Task instructions
Exact reproduction is required for the lines below starting at the line with "thumbnail image 1" and ending at the line with "Nillkin Super Frosted", both included. No other lines, and no pictures.

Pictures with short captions
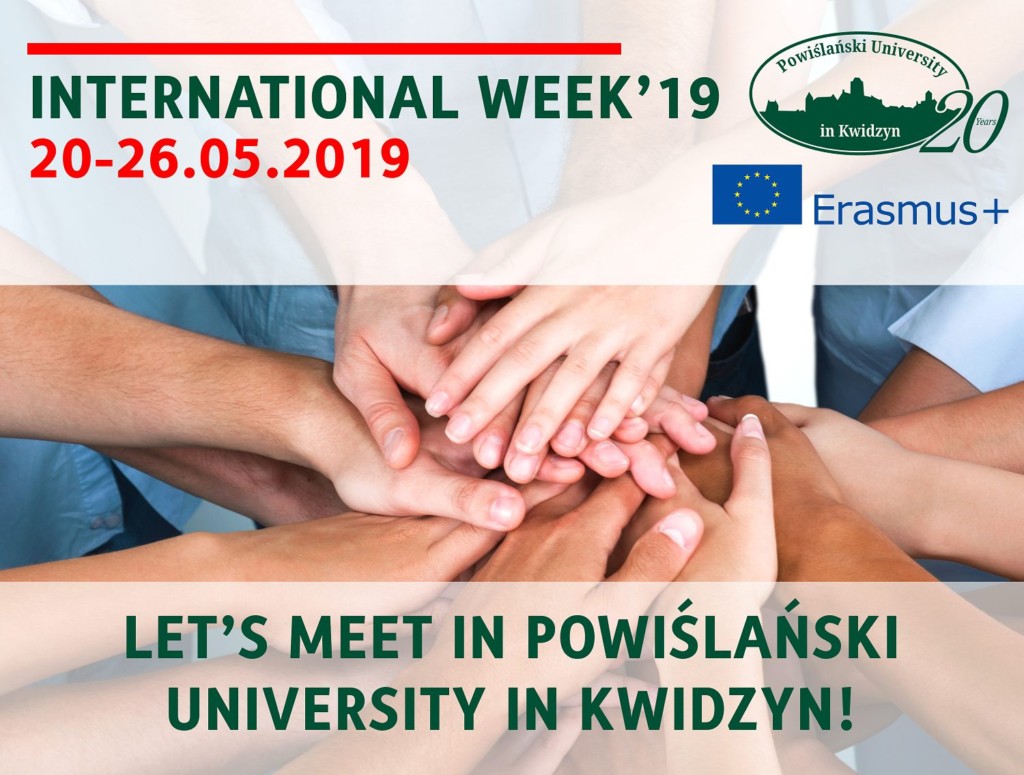 1st International Week at Powislanski College in Kwidzyn (Poland)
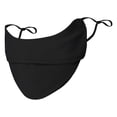 thumbnail image 1 of Pebbuoy Breathable Face Guard Solid Color Super Soft Friendly to Skin UV Protection Thin Three-Dimensional Sunscreen Face Guard, 1 of 7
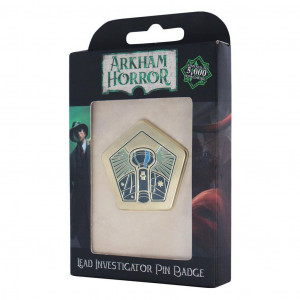 Arkham Horror - Lead Investigator Pin Badge (limited edition)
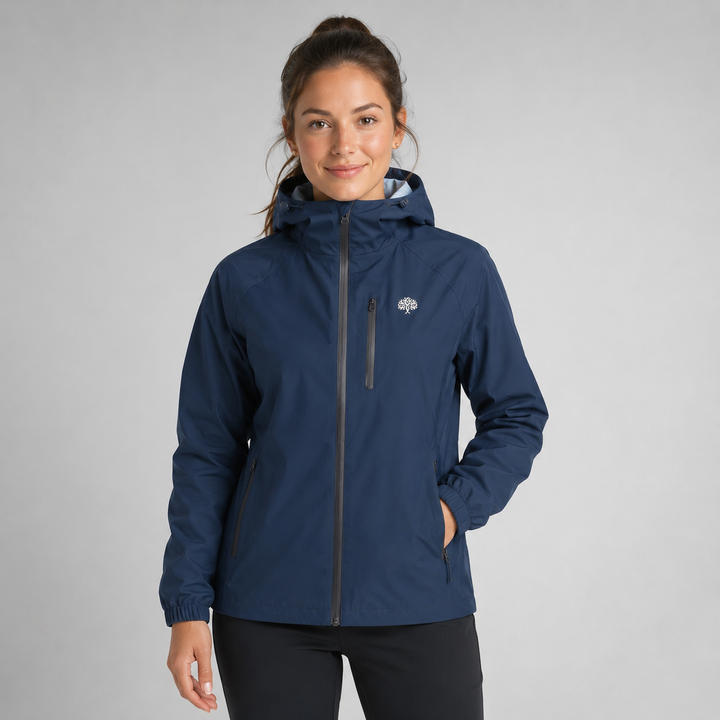 Sorren | Veste de Pluie Légère à Capuche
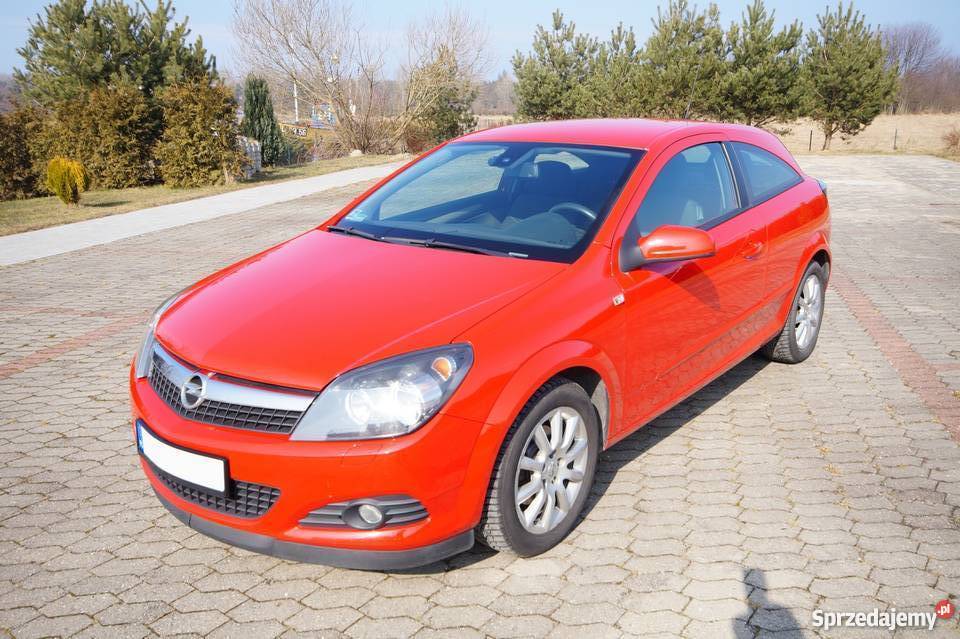 Opel Astra H GTC COSMO ABS Gdynia
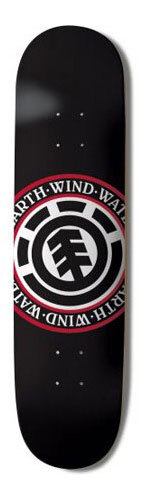 Element Skateboard Deck Seal Black 8.25"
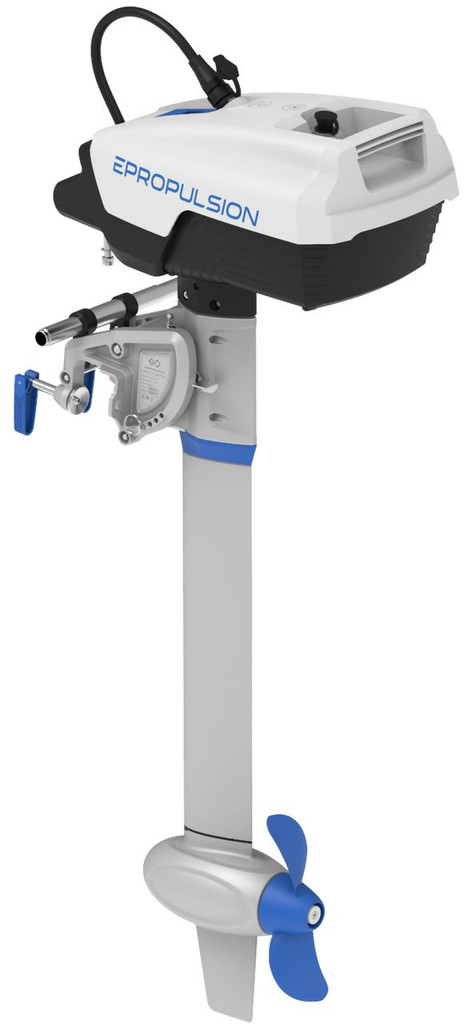 ePropulsion Electric Outboards | Spirit 1.0 Evo Longshaft Side Mount Remote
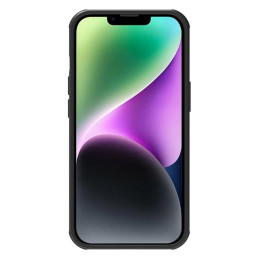 Nillkin Super Frosted Shield Pro Magnetic case for Appple iPhone 13/14 (black)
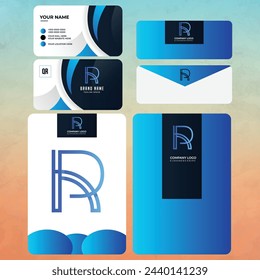 business success People Logo design ,logo in visiting card and book. 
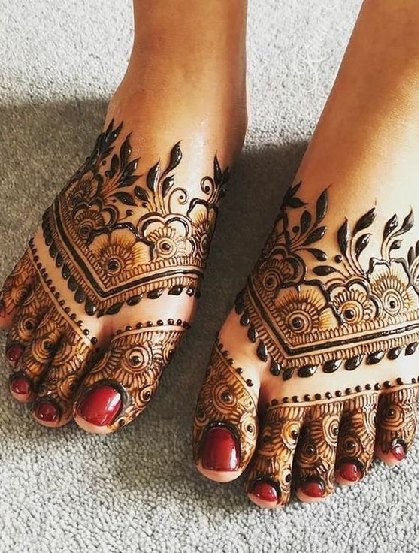 Simple And Easy Mehndi Designs For Beginners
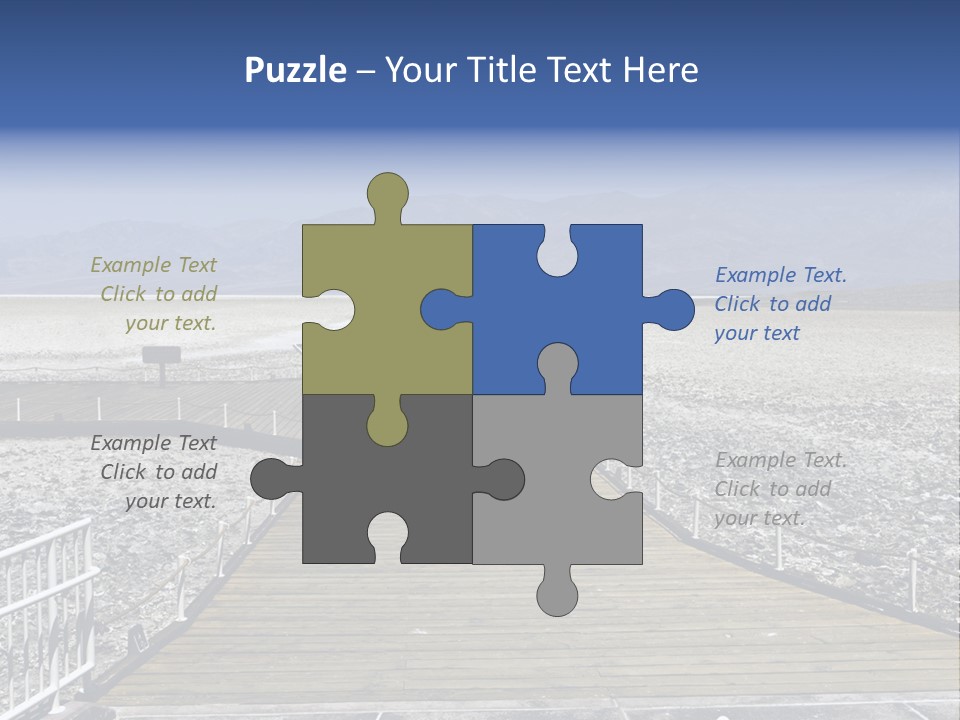 Sun Salt Death PowerPoint Template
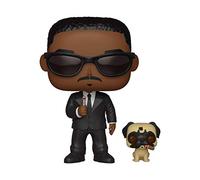 Funko 37664 POP & Buddy: Men in Black-Agent J and Frank Collectible Figure, Multicolor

Expected answer
 thumbnail image 1 of Pebbuoy Breathable Face Guard Solid Color Super Soft Friendly to Skin UV Protection Thin Three-Dimensional Sunscreen Face Guard, 1 of 7
 Arkham Horror - Lead Investigator Pin Badge (limited edition)
 Sorren | Veste de Pluie Légère à Capuche
 Opel Astra H GTC COSMO ABS Gdynia
 Element Skateboard Deck Seal Black 8.25"
 ePropulsion Electric Outboards | Spirit 1.0 Evo Longshaft Side Mount Remote
 Nillkin Super Frosted Shield Pro Magnetic case for Appple iPhone 13/14 (black)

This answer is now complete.